D'abord, comme si la chose était possible. Comme si transformer une vie, totalement, pouvait relever de la simplicité. Cette phrase fait partie des premières qui composent ma nouvelle vie. Comme on se rappelle de certains films par leurs dialogues, je construis ma nouvelle existence torontoise, échange verbal par échange verbal. «Aller simple pour Toronto», c'est le début d'un chapitre qui se construit au fur et à mesure.

«Je vis ici maintenant».

Et soudainement, on est rendu là. On ne va plus vers ce nouvel endroit, on y est. Le dire deux ou trois fois et constater que c'est vrai, que ce n'est pas une situation intangible et temporaire, une petite parenthèse dans une réalité plus compréhensible. J'habite ici maintenant.

Le film de mon existence actuelle est pauvre en dialogue. Je me répète des citations de Fight Club des fois, comme le leitmotiv d'une vie qui se doit d'être un peu matérialiste. Comme le personnage d'Edward Norton, je me demande quel genre d'ensemble de cuisine me définit le mieux. Comme lui, je constate qu'un appartement avec plein de condiments mais pas de nourriture, c'est particulièrement triste.

Des bribes changent, ici et là, dans mon vocabulaire toujours francophone, noyé dans un océan anglophone. J'ai remplacé mes saints préférés de la métropole québécoise pour College, Yonge, Dundas, High Park, Bloor...j'ai remplacé la STM pour la TTC qui ne sont pas ridiculement différents mais différemment ridicules.

À mon insu, la vie se construit. Ces rapports avec des collègues, sont-ils les débuts d'une nouvelle amitié? L'éternelle insatisfaction envers les infrastructures inadéquates d'une ville trop grande pour elle-même sont-ils l'équivalent d'une conversation sur la température, sur le hockey? En lock-out, heureusement que le maire a entrepris l'expansion commerciale de Toronto sans en adapter les infrastructures largement désuètes. De quoi parlerait-on si sa vision était cohérente?

Dans mon immeuble, les ascenseurs défectueux permettent de nous rapprocher l'un de l'autre. «Moi, ça fait dix minutes que j'attends» et «Attention, ça déscend», font partie de ces petites phrases insignifiantes qui composent désormais ma vie, et j'en suis reconnaissant. À part quand une voisine me dit «Mind your own fucking business» quand je lui avertis que l'ascenseur est en train de monter.
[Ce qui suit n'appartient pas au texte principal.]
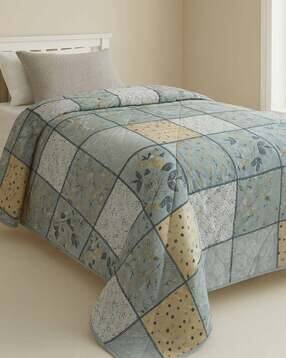 Checked Single Reversible AC Comforter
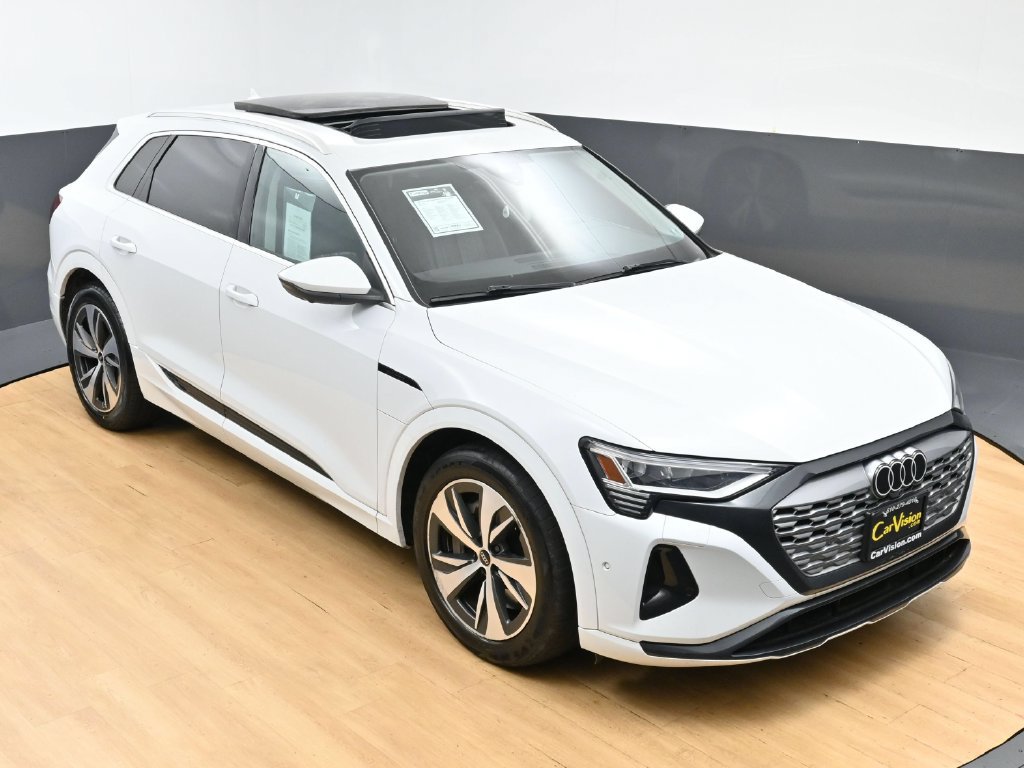Used 2024 Audi Q8 e-tron Premium Plus w/ Premium Plus Package AWD/4WD image 43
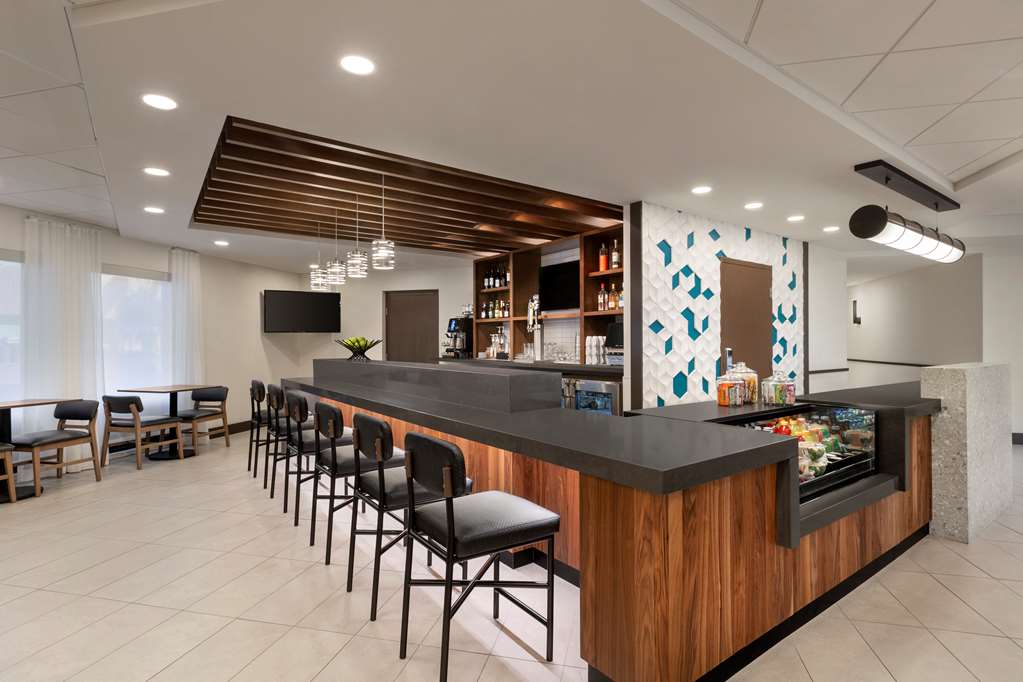Hyatt Place Tucson Central - photo 28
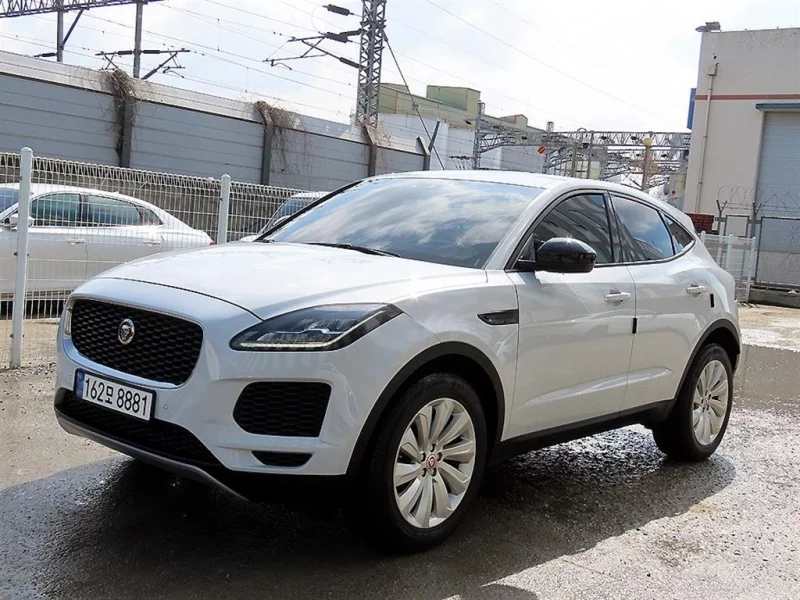 Jaguar E-PACE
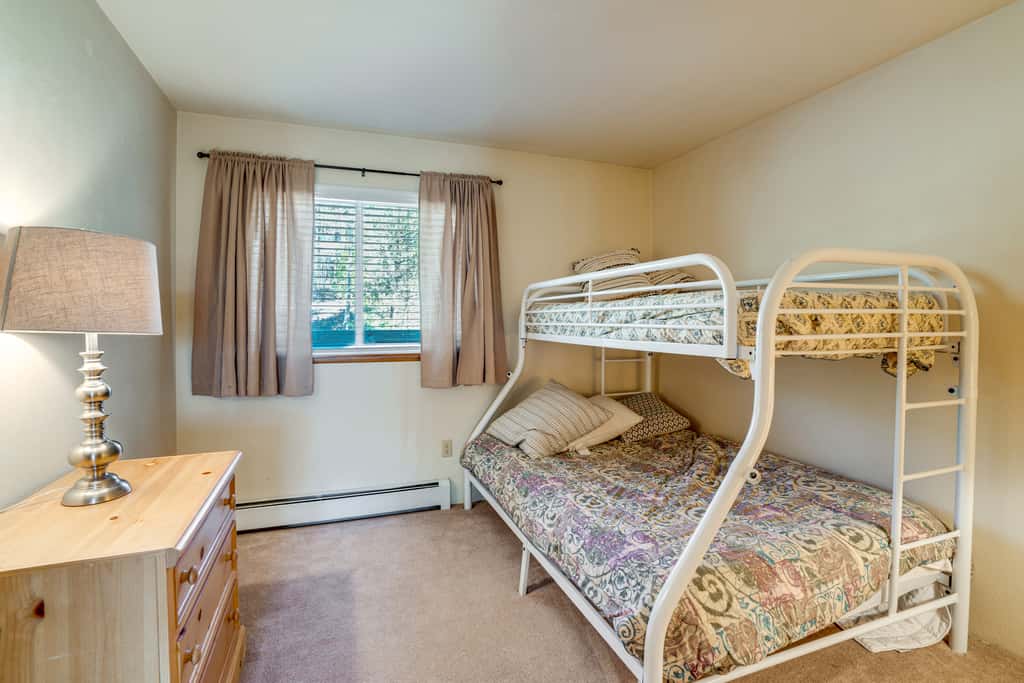 Pool, Hot Tub & Ski Shuttle! Extended Mtn Escape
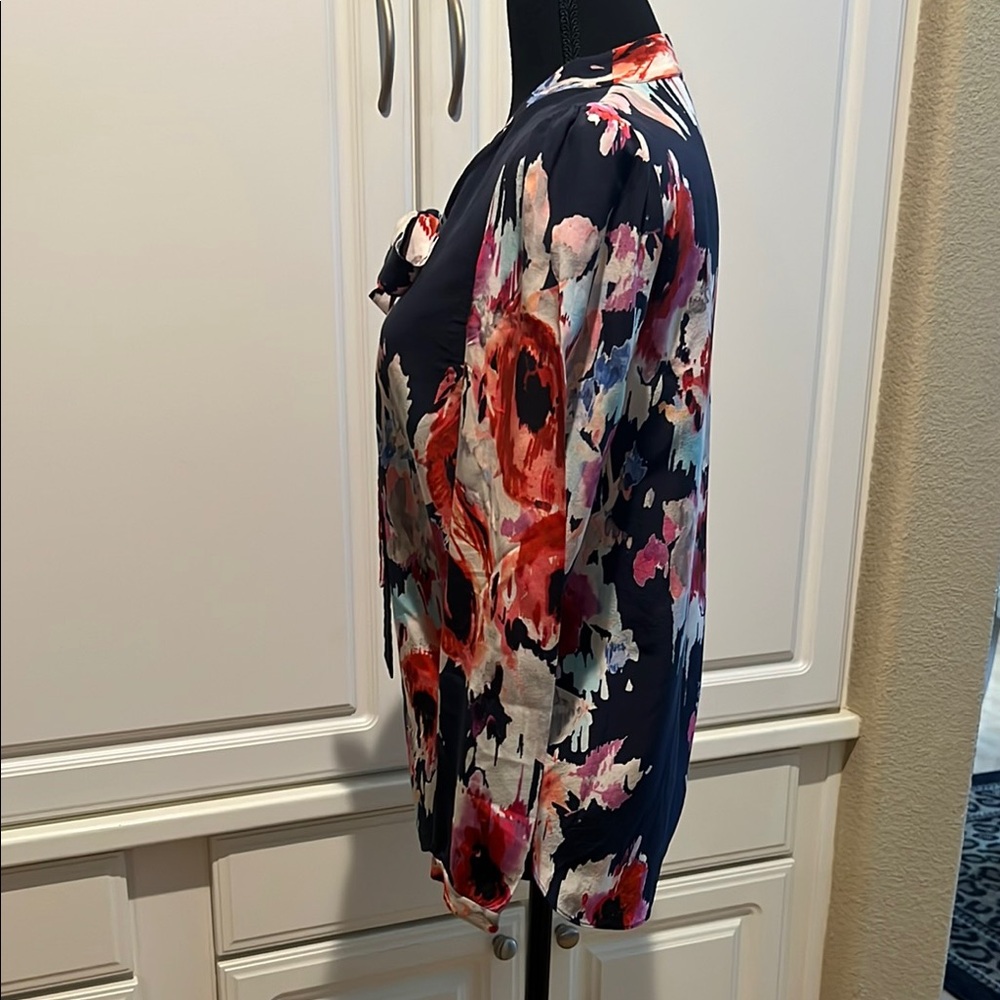 Kate Soade Floral blouse with necktie - Picture 2 of 9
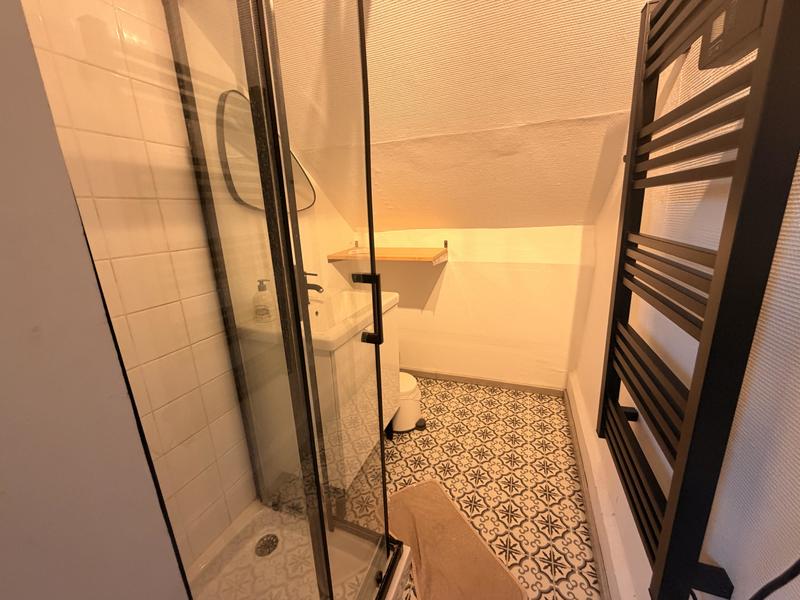 Appartement - 85 m² - 6 pièces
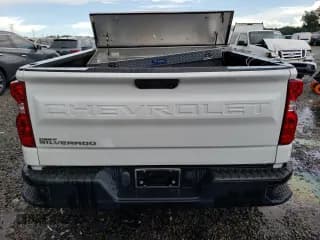 ✅ 2019 Chevrolet Silverado 1500 Work Truck • VIN: 1GCRWAEH0KZ370440 • Lot: 69689874. Wystawiony na Copart z przebiegiem 71 551 mil. Bezpłatny archiwum sprzedaży aukcyjnych z USA i szczegółowy raport historii pojazdu na DreamBid. Zdjęcie 6.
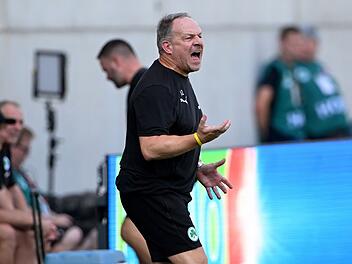 F&uuml;rth-Trainer mit Entschuldigung nach Ansage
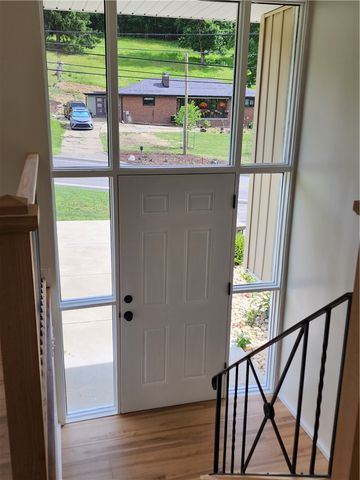 3175 HARTS RUN ROAD, Hampton, PA 15116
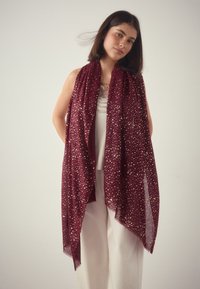 Burgunderroter Schal aus leichtem Stoff, mit einem gepunkteten Muster und kleinen goldenen Akzenten sowie einem fließenden Design zum Drapieren.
Et qu'elle me le rappelle joyeusement le lendemain.

De toute façon, ça va me faire du bien, au cardio, de monter douze étages à pied.

Finalement, ce qui est peut-être terrifiant, c'est à quel point il est simple de changer de vie totalement. Et ce n'est pas tant l'aller simple pour Toronto qui nous rappelle notre exil mais bien l'aller-retour à Montréal: comme quoi sa vie précédente ne peut que redevenir une parenthèse, le temps d'un festival.

«Un aller-retour pour Montréal, s'il vous plaît.»